> [Saved data entries]

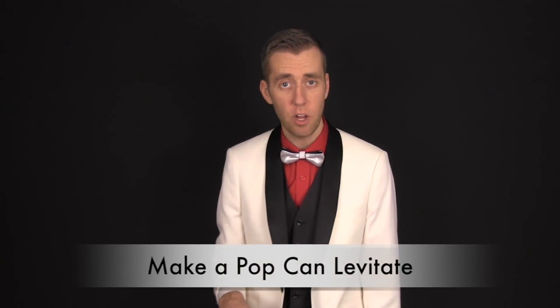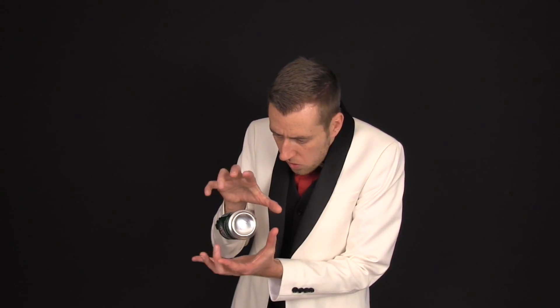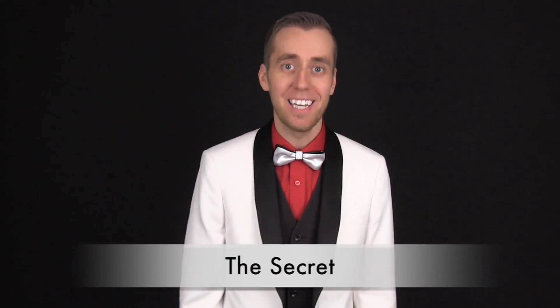Behold, the mysterious floating pop can. The secret to this trick is a unique idea that works very well.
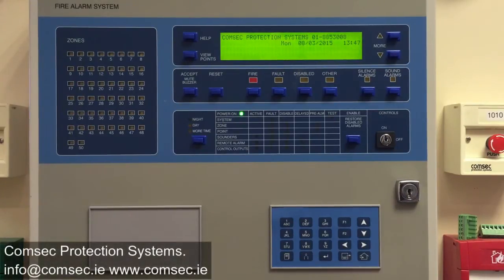We're going to have a look at how you investigate what software version is installed on your Zyton ZP3 fire alarm control panel. This can be useful if you're looking for technical support or spare parts for your system.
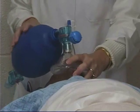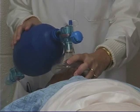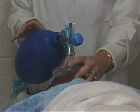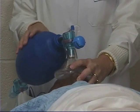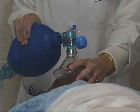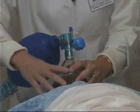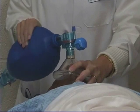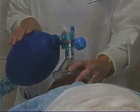Push on the mask to get a tight seal so that oxygen doesn't flow away from the mask. Deliver one breath every five seconds for a rate of 12 per minute. If the patient is breathing, coordinate this with the patient's own respirations. If the patient is not breathing, deliver one breath every five seconds. Squeeze the bag and release to deliver oxygen to the patient, maintaining a tight seal on the patient's face. That concludes the demonstration of the bag valve mask.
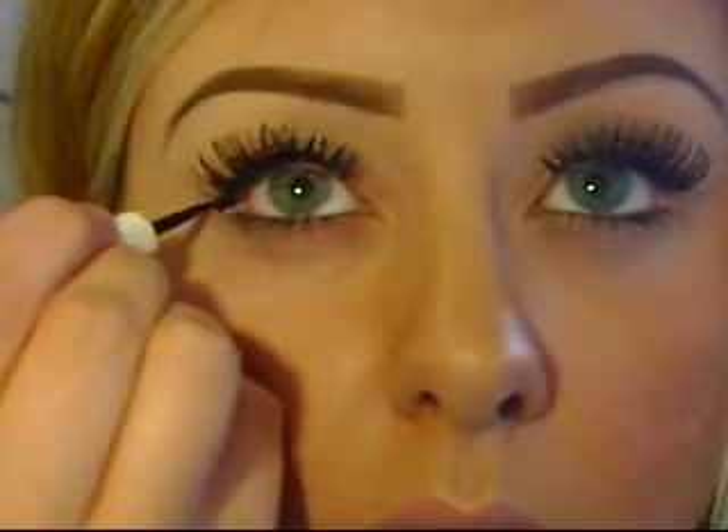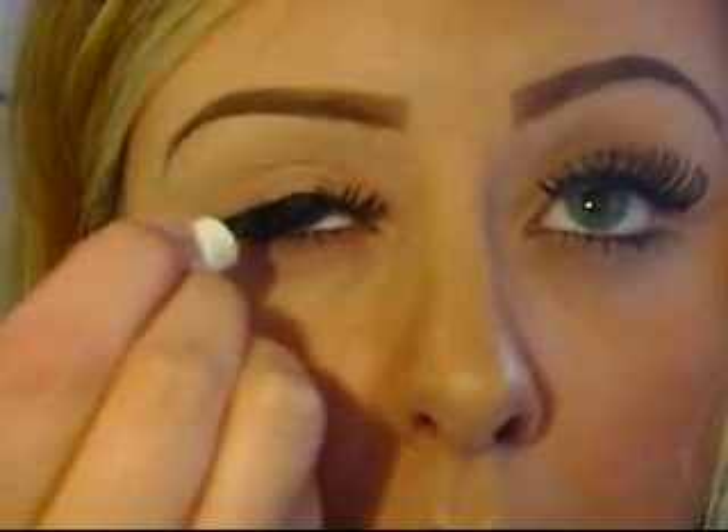If you see that the lash isn't evenly placed across your eye, what you can do is take a liquid liner — I'm just using the one I always use, it's by Almay — and draw a line right across your eye to even it out. You can also wing it, which makes your lashes look even fuller. That's really optional though; you don't have to do the liquid liner thing. It just adds to it, or if you don't like the way you applied them, it can fix it without you having to reapply the lashes all over again.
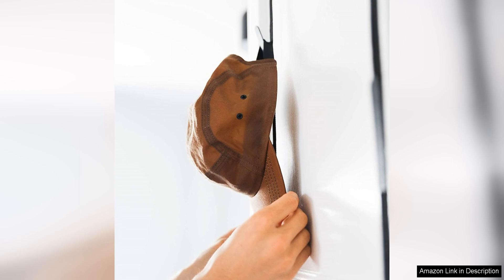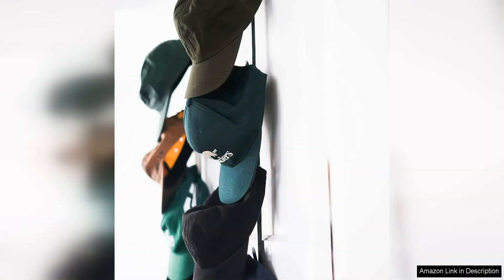In addition to its practical design, the CapRack 2-Pack is also extremely durable and sturdy. The clips securely hold each cap in place, preventing them from slipping or falling off. This ensures that your caps stay in pristine condition and are easily accessible whenever you need them.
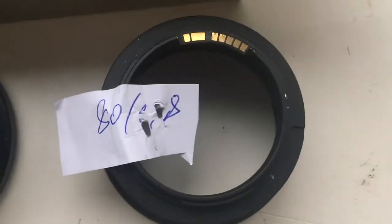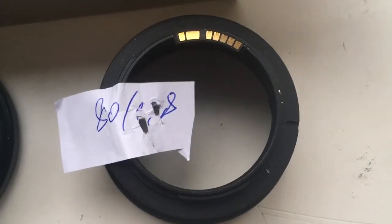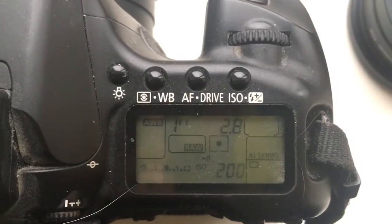And second adapter: I pre-programmed focal length is 18mm and aperture 2.8. Delay time to enter in programming mode: 1 second.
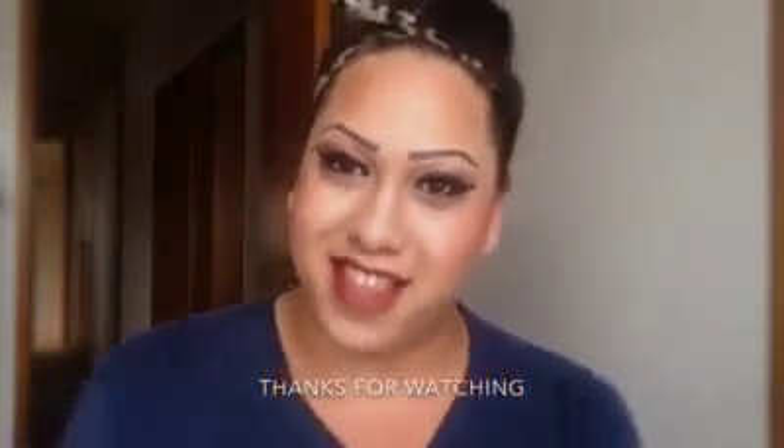Once you think you've got your eyebrows similar, take your Jordana concealer and clean up any imperfections or rough edges. So that wasn't too hard — I hope you've enjoyed this tutorial and I've taught you something. I'll see you in the next one.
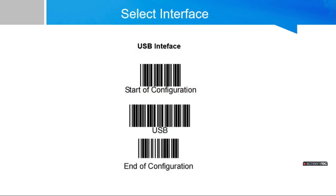To select the USB interface, please scan these 3 barcodes: first, start of configuration, then USB, then end of configuration. If you do these settings, your scanner configuration will automatically be done for USB.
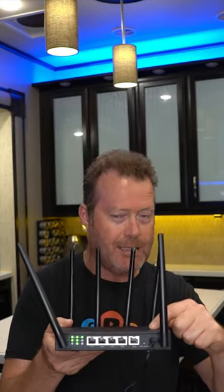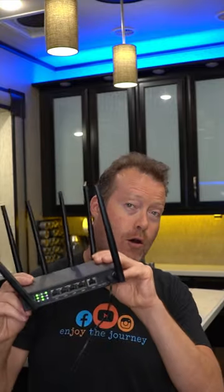Brand new RV internet solution that we've been testing, and it might be a solution for you. This is not just AT&T, T-Mobile, or Verizon — this is all three carriers in one unit.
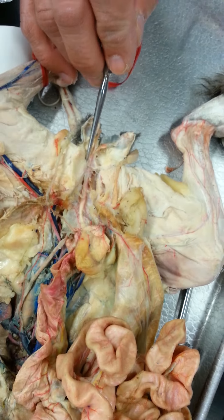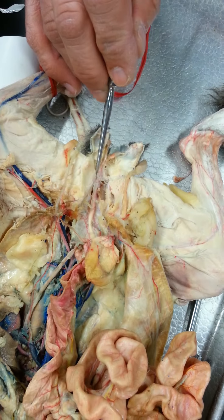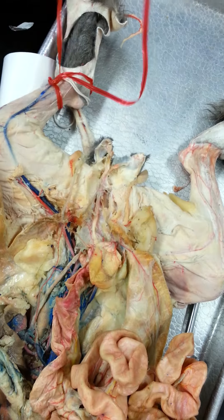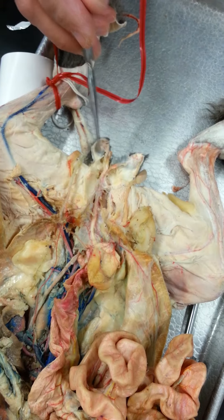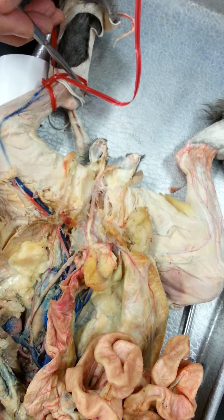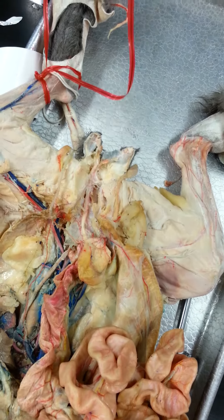And you can actually see the cura of the penis, and the bulb. So you can actually see this stuff — it's a pretty good dissection where it shows, because a lot of times it gets disrupted. And this would be your scrotum right here.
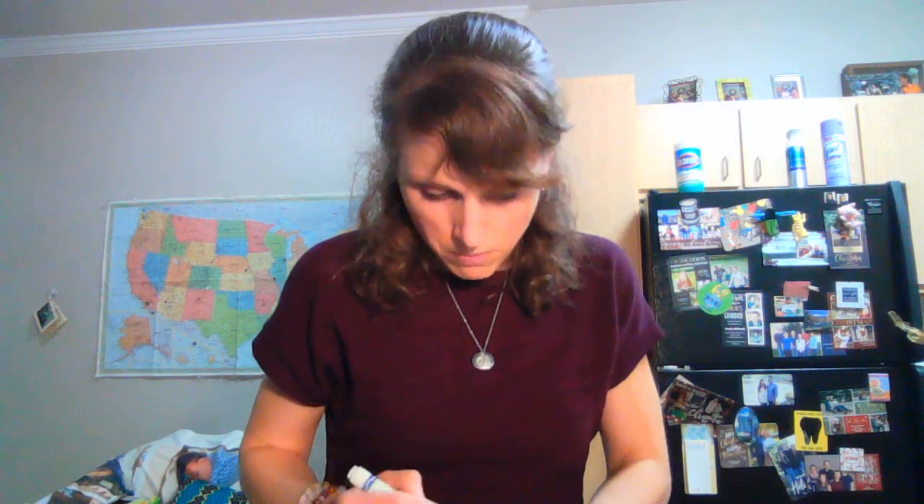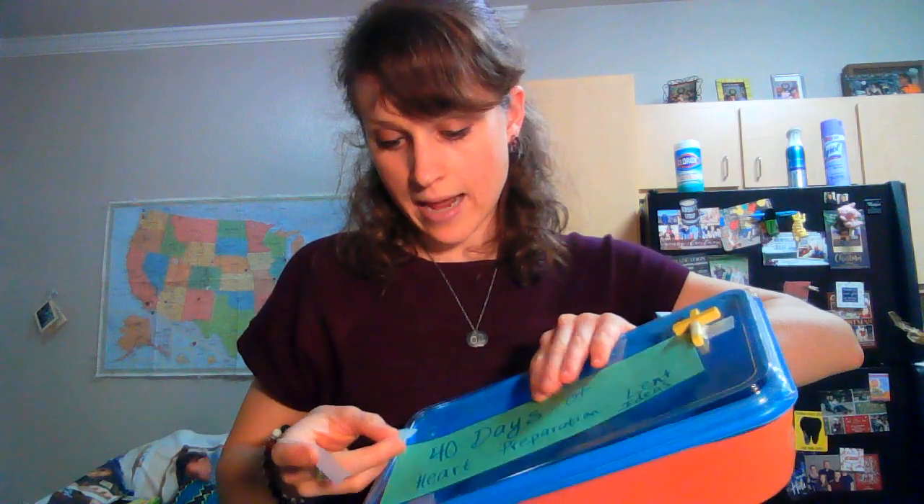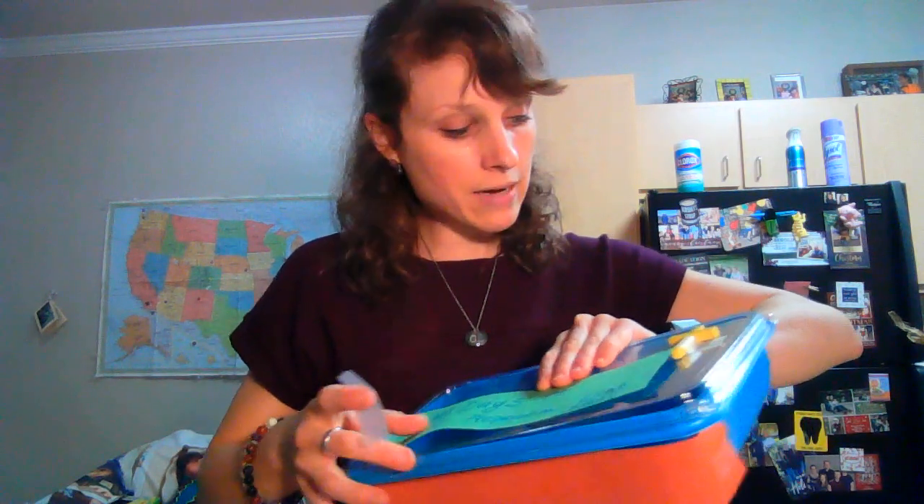I'm going to write '40 days' — which technically, Lent is 40 days if you do not count Sundays. If you count Sundays, it's a little bit more than 40 days because it actually lasts from Ash Wednesday up until Easter. But that's your fun fact. We'll call it '40 days of heart preparation, Lent ideas.' Take your time making things very fun and meaningful and make your labels.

> [Problem to solve] In case the records contain pictures, keep those out and repeat the rest exactly.

> [Output]
Behold, the mysterious floating pop can. The secret to this trick is a unique idea that works very well.
We're going to have a look at how you investigate what software version is installed on your Zyton ZP3 fire alarm control panel. This can be useful if you're looking for technical support or spare parts for your system.
Push on the mask to get a tight seal so that oxygen doesn't flow away from the mask. Deliver one breath every five seconds for a rate of 12 per minute. If the patient is breathing, coordinate this with the patient's own respirations. If the patient is not breathing, deliver one breath every five seconds. Squeeze the bag and release to deliver oxygen to the patient, maintaining a tight seal on the patient's face. That concludes the demonstration of the bag valve mask.
If you see that the lash isn't evenly placed across your eye, what you can do is take a liquid liner — I'm just using the one I always use, it's by Almay — and draw a line right across your eye to even it out. You can also wing it, which makes your lashes look even fuller. That's really optional though; you don't have to do the liquid liner thing. It just adds to it, or if you don't like the way you applied them, it can fix it without you having to reapply the lashes all over again.
In addition to its practical design, the CapRack 2-Pack is also extremely durable and sturdy. The clips securely hold each cap in place, preventing them from slipping or falling off. This ensures that your caps stay in pristine condition and are easily accessible whenever you need them.
And second adapter: I pre-programmed focal length is 18mm and aperture 2.8. Delay time to enter in programming mode: 1 second.
Once you think you've got your eyebrows similar, take your Jordana concealer and clean up any imperfections or rough edges. So that wasn't too hard — I hope you've enjoyed this tutorial and I've taught you something. I'll see you in the next one.
To select the USB interface, please scan these 3 barcodes: first, start of configuration, then USB, then end of configuration. If you do these settings, your scanner configuration will automatically be done for USB.
Brand new RV internet solution that we've been testing, and it might be a solution for you. This is not just AT&T, T-Mobile, or Verizon — this is all three carriers in one unit.
And you can actually see the cura of the penis, and the bulb. So you can actually see this stuff — it's a pretty good dissection where it shows, because a lot of times it gets disrupted. And this would be your scrotum right here.
I'm going to write '40 days' — which technically, Lent is 40 days if you do not count Sundays. If you count Sundays, it's a little bit more than 40 days because it actually lasts from Ash Wednesday up until Easter. But that's your fun fact. We'll call it '40 days of heart preparation, Lent ideas.' Take your time making things very fun and meaningful and make your labels.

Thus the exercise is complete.